During processing, he was asked if he had ever been arrested before. Headley thought for a moment before nodding his head.
Ryland Headley in custody last year (Avon and Somerset Police/PA)
10 years after the murder of Louisa Dunne, police were on the hunt for a sex attacker targeting elderly women. He was dubbed the 'Ipswich Rapist', and the public were warned to lock their doors amid fears the predator could kill if he wasn't stopped.
Little did they know, he had already done so.
Two women, in their 70s and 80s, both widowed and living alone, were raped in their homes in October 1977 by an intruder who broke in during the night and threatened to kill them.
Fingerprints were left at both scenes, and 5,000 men had their prints taken as part of the inquiry.
This time, one of those men was Ryland Headley, and he was arrested and tried for rape.
Following a trial, he was found guilty and sentenced to life in prison.
Citing that the penalty was 'excessive' for a man of previous good character and reputation with no convictions, his legal team appealed the sentence.
Headley was interviewed in November last year (Avon and Somerset Police/PA)
His barrister claimed that the rapes were impulsive and committed during a time of 'unusual circumstances' in his marriage, blaming his sexual frustration on being unhappily wed to an 'ambitious and demanding' wife.
The court agreed and found he was unlikely to reoffend, so in 1979 his sentence was reduced to seven years, of which he served two.
Ryland Headley left prison in the early 1980s, and remained a free man for more than forty years.
Evidence & The Trial
Now that he was back in police custody, the prosecution prepared for trial.
Police were finally able to take his prints, and he was matched to the palm print left on the back bedroom window at Louisa Dunne's home.
Despite this, and all the other evidence they presented to him during an interview, Headley repeatedly replied 'no comment', much to the frustration of detectives.
Murderer and rapist Ryland Headley
The pensioner denied knowing Louisa, being at the scene, or committing the murder. He coldly refused to give any indication as to why he did what he did.
While the defense fought for the evidence of his previous rape convictions to be omitted from the proceedings, the prosecution fought for their inclusion as the victims were so similar to Louisa Dunne.
All three were elderly women who lived at home alone, all three were raped, and while Louisa Dunne was killed, the other two were threatened with murder by their attacker.
The judge eventually ruled that the evidence could be heard, and the two-week trial began at Bristol Crown Court on June 16th 2025.

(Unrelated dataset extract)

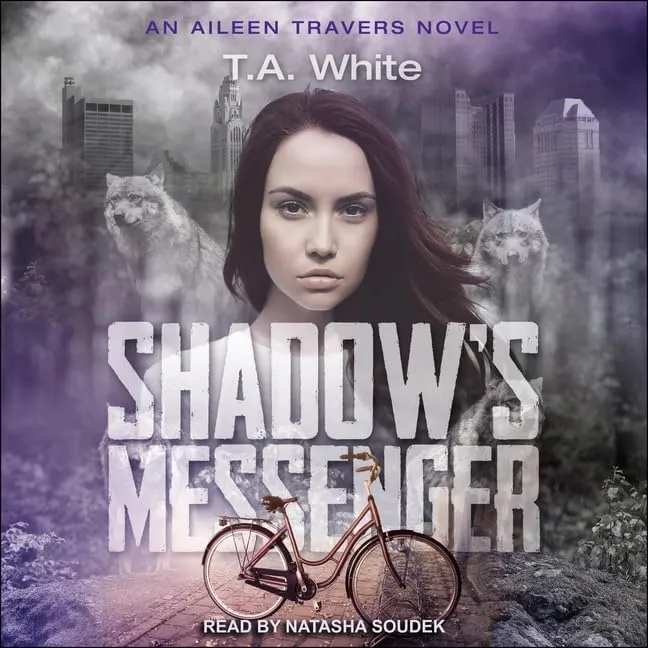Shadow's Messenger Audio CD – Unabridged, March 1, 2021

The court heard further evidence about a series of burglaries Headley committed between 1973 and 1978.
Ryland Headley has been told he will die in prison (Elizabeth Cook/PA)
After 3 days of deliberations, by a majority verdict of 10-2, the jury found Ryland Headley guilty, and on July 1st 2025, he was sentenced to life behind bars, with a minimum term of 20 years.
At sentencing, Mr. Justice Sweeting branded the murder a 'pitiless and cruel act by a depraved man.'
But while Headley is now behind bars, the case doesn't end for the police; in fact, they've been left with more questions than answers.
Headley raped and murdered Louisa Dunne in 1967, before going on to rape two women ten years later - but is that all he ever did?
Police in Suffolk and Norfolk don't think so, and now they wonder if he could be responsible for more unsolved murders.
At 92 years old, Ryland Headley will die in prison, that's for sure. But for police, the race is on to try and find out what else he may have done, to get justice for the victims, before his time runs out.